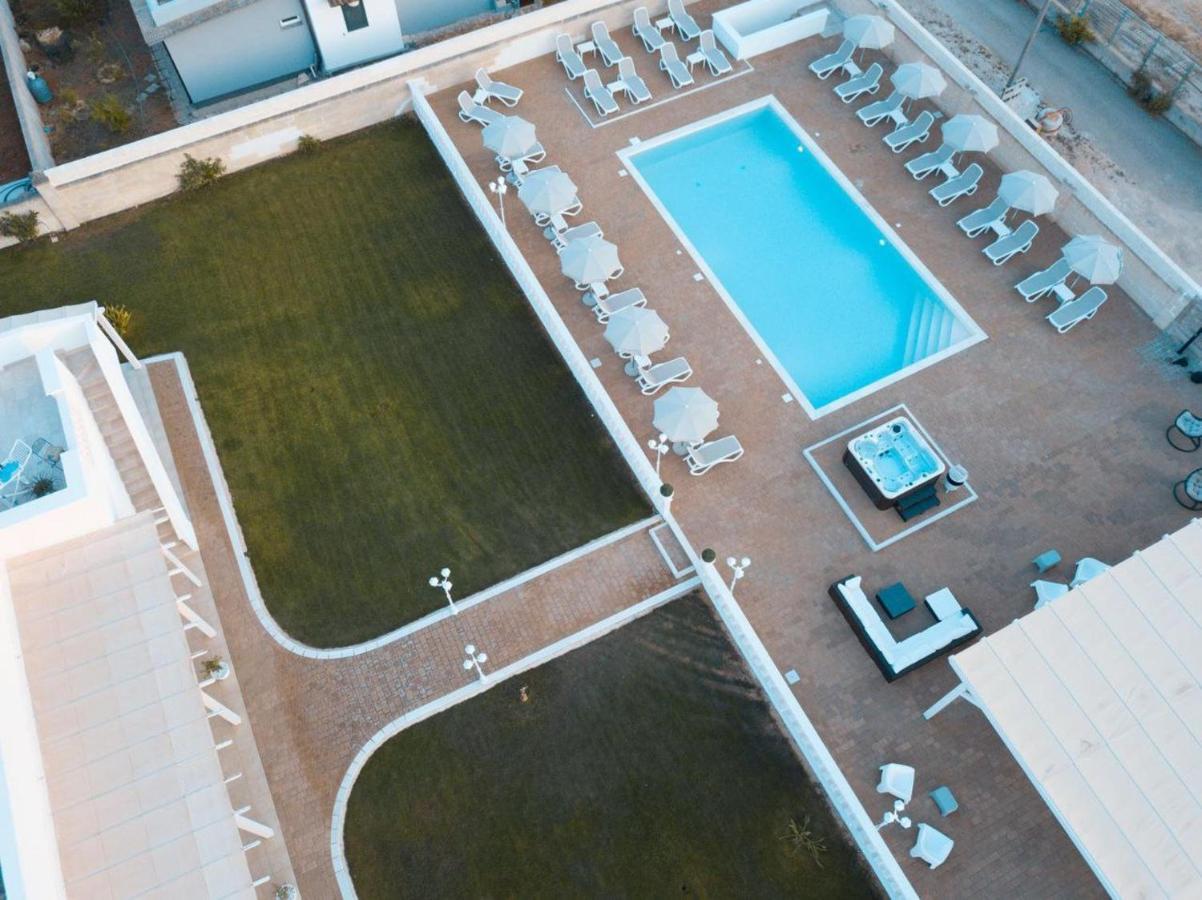La Palazzina Bed & Breakfast Porto Cesareo Eksteriør billede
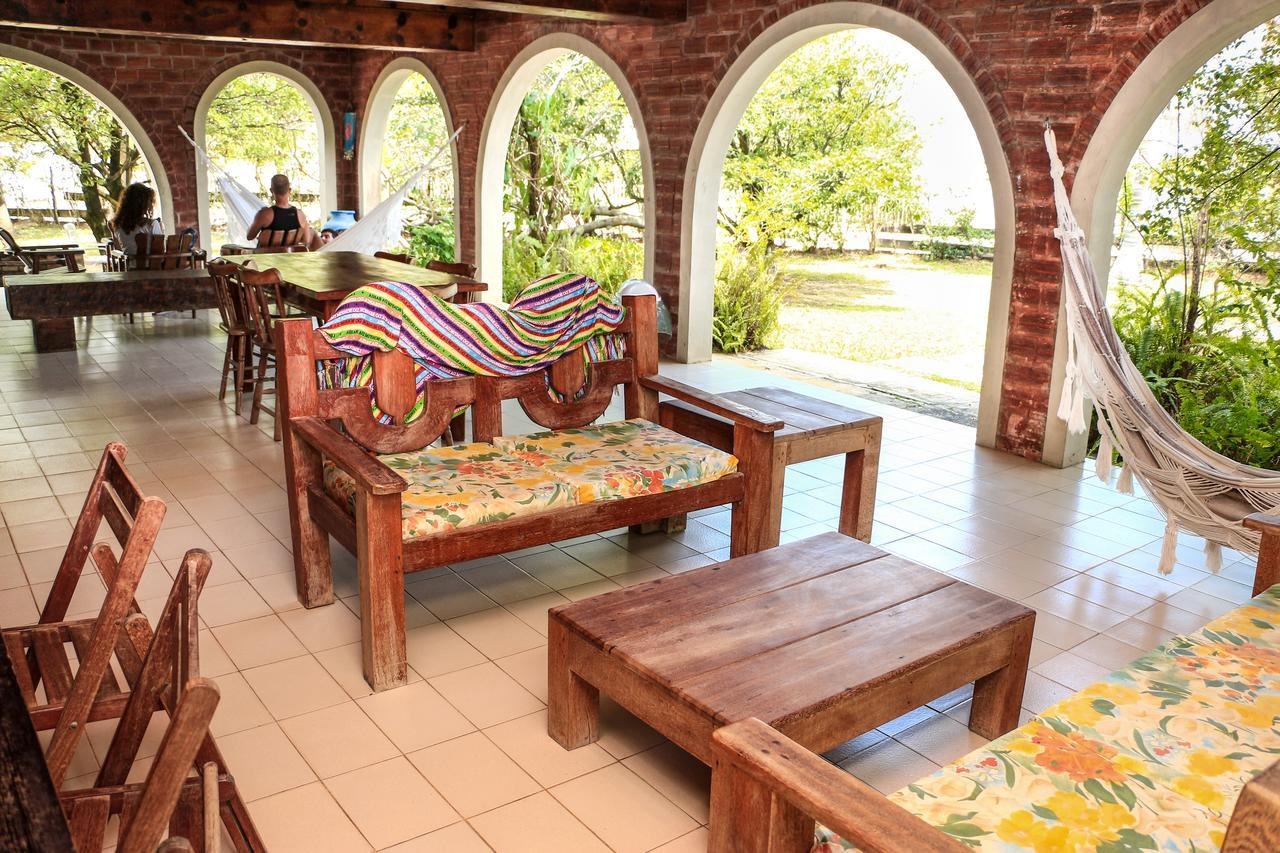 Porto De Galinhas Hostel Buitenkant foto
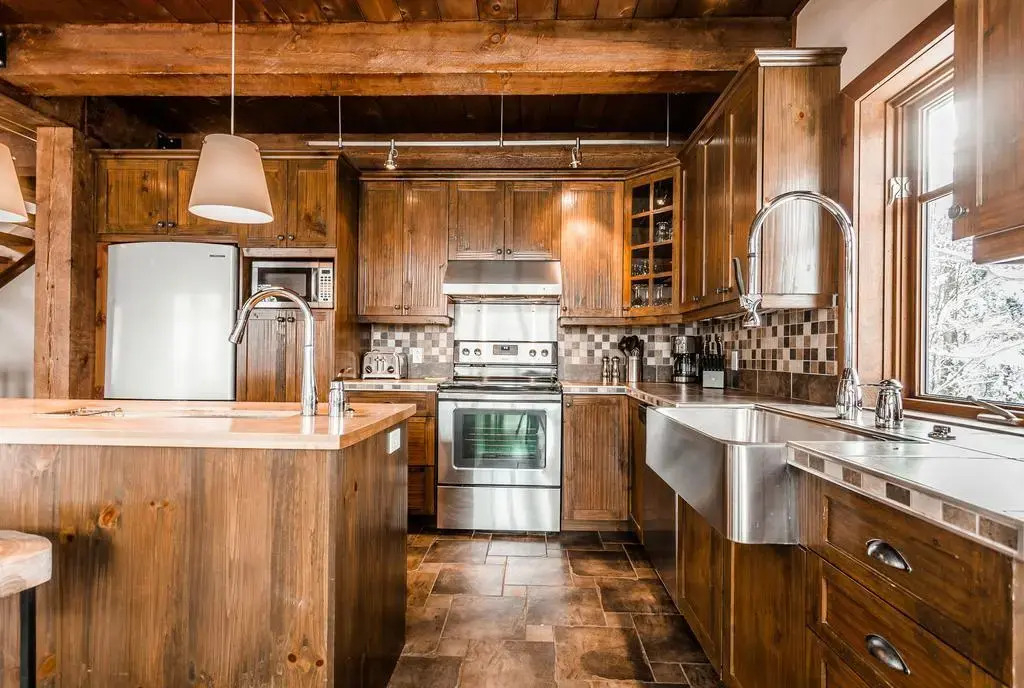 Chalet Le Mont-Blanc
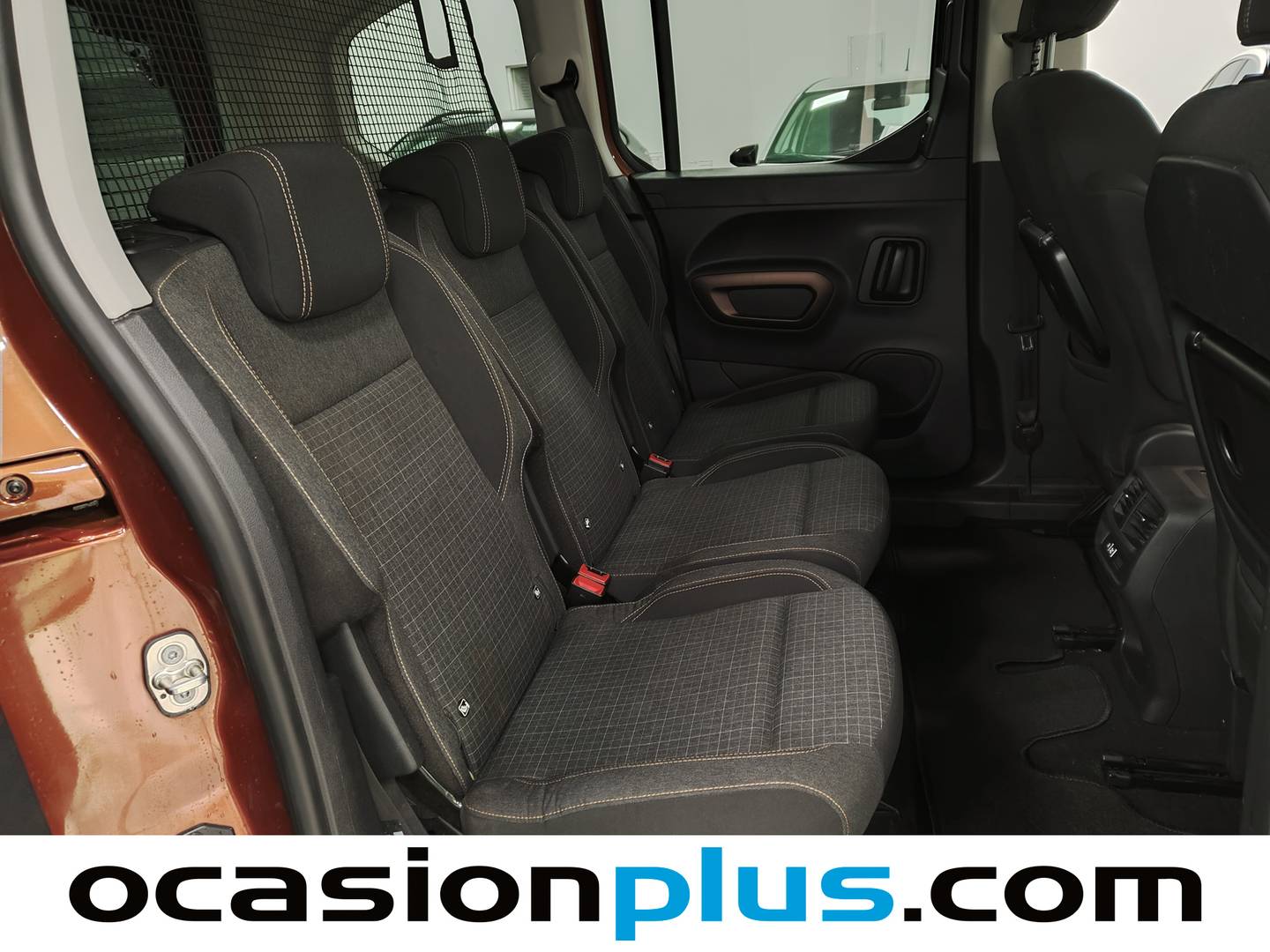 Foto Peugeot Rifter Peugeot Rifter BlueHDi 130 GT Line Standard  (130 CV)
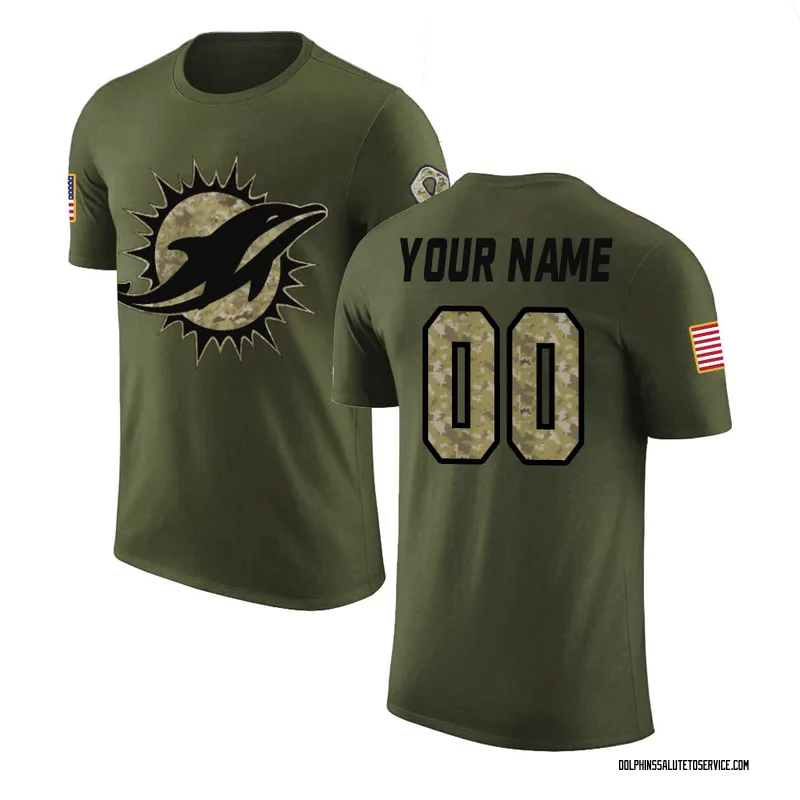 salute to service dolphins hoodie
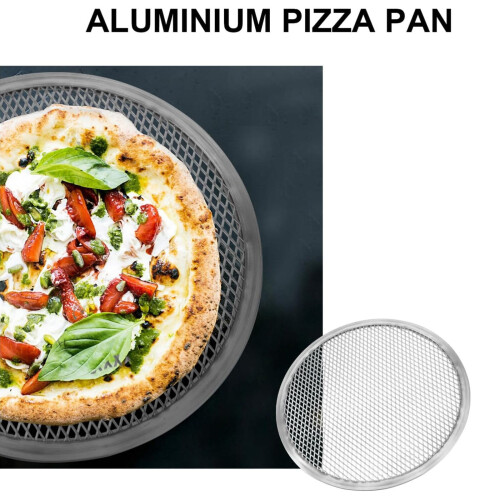 Pan Pizza Bréifnithe Cruach Dhosmálta Tiubhaithe Préimhe, Cruth Babhta, Scáileán Bácála Idealach do Phitsaí 1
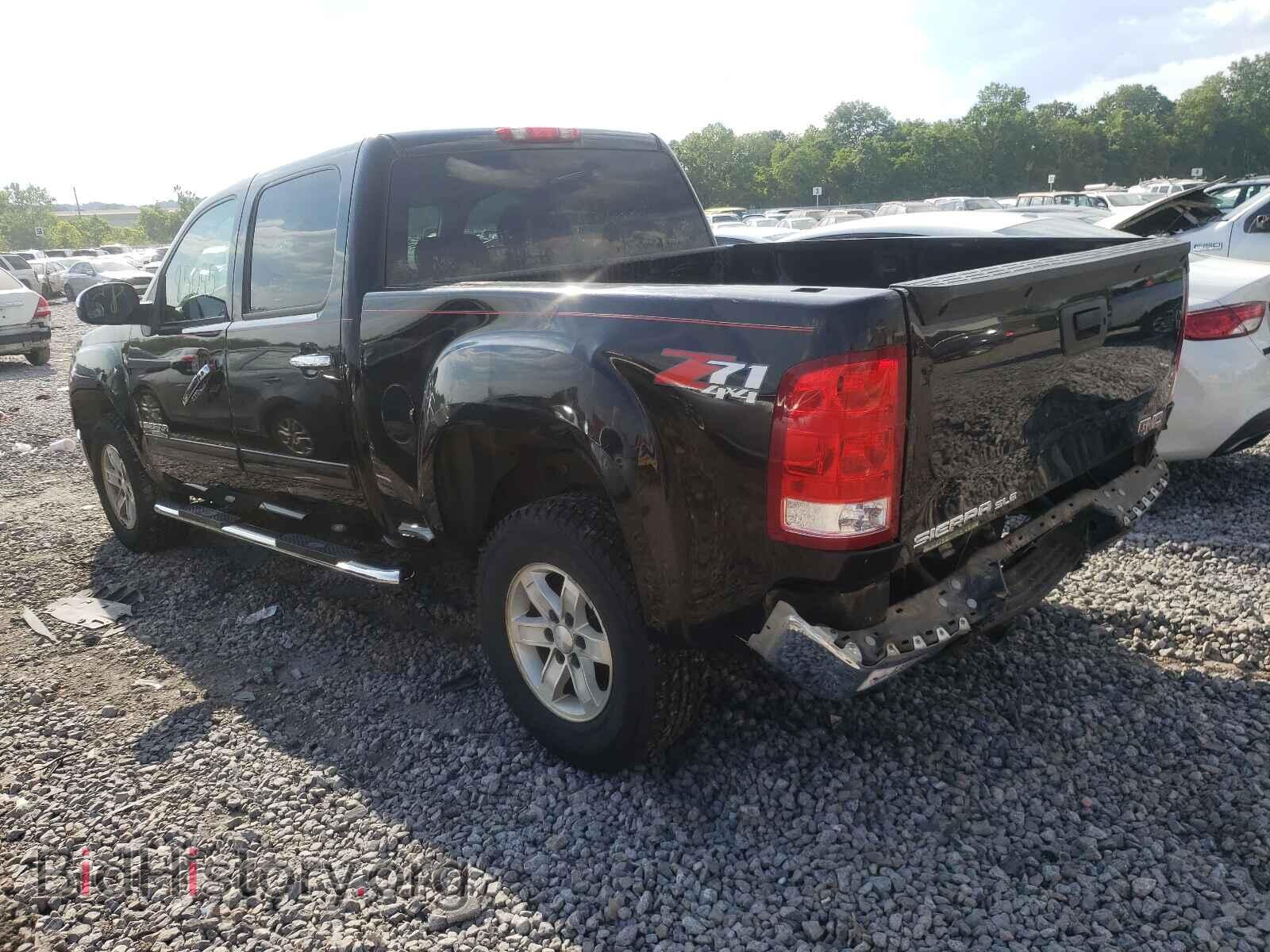 2007 GMC SIERRA - VIN: 2GTEK13M271555101 - Фото 3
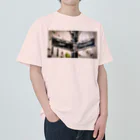 ネコにこ7820のトレンディ Heavyweight T-Shirt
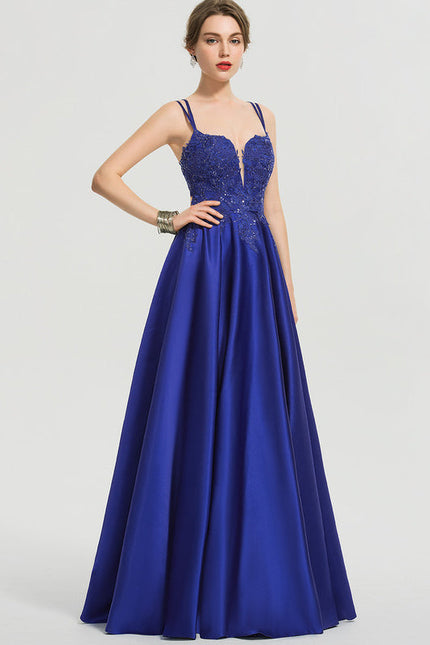 Robe De Soirée Qui Brille - gallery 3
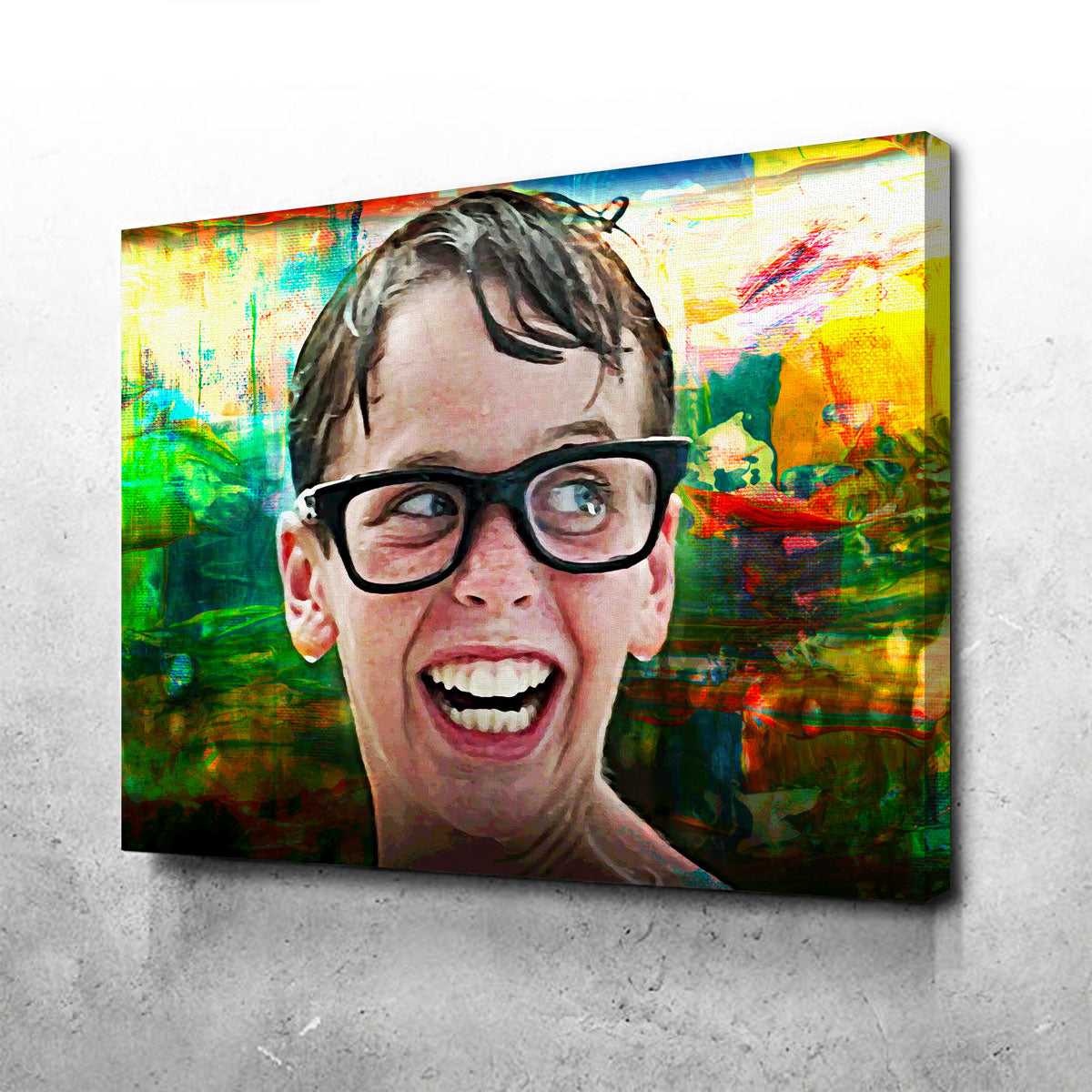Squints Wall Art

TASK TO COMPLETE - Except for pictures, copy the records above exactly.

WORKED SOLUTION -
La Palazzina Bed & Breakfast Porto Cesareo Eksteriør billede
 Porto De Galinhas Hostel Buitenkant foto
 Chalet Le Mont-Blanc
 Foto Peugeot Rifter Peugeot Rifter BlueHDi 130 GT Line Standard  (130 CV)
 salute to service dolphins hoodie
 Pan Pizza Bréifnithe Cruach Dhosmálta Tiubhaithe Préimhe, Cruth Babhta, Scáileán Bácála Idealach do Phitsaí 1
 2007 GMC SIERRA - VIN: 2GTEK13M271555101 - Фото 3
 ネコにこ7820のトレンディ Heavyweight T-Shirt
 Robe De Soirée Qui Brille - gallery 3
Squints Wall Art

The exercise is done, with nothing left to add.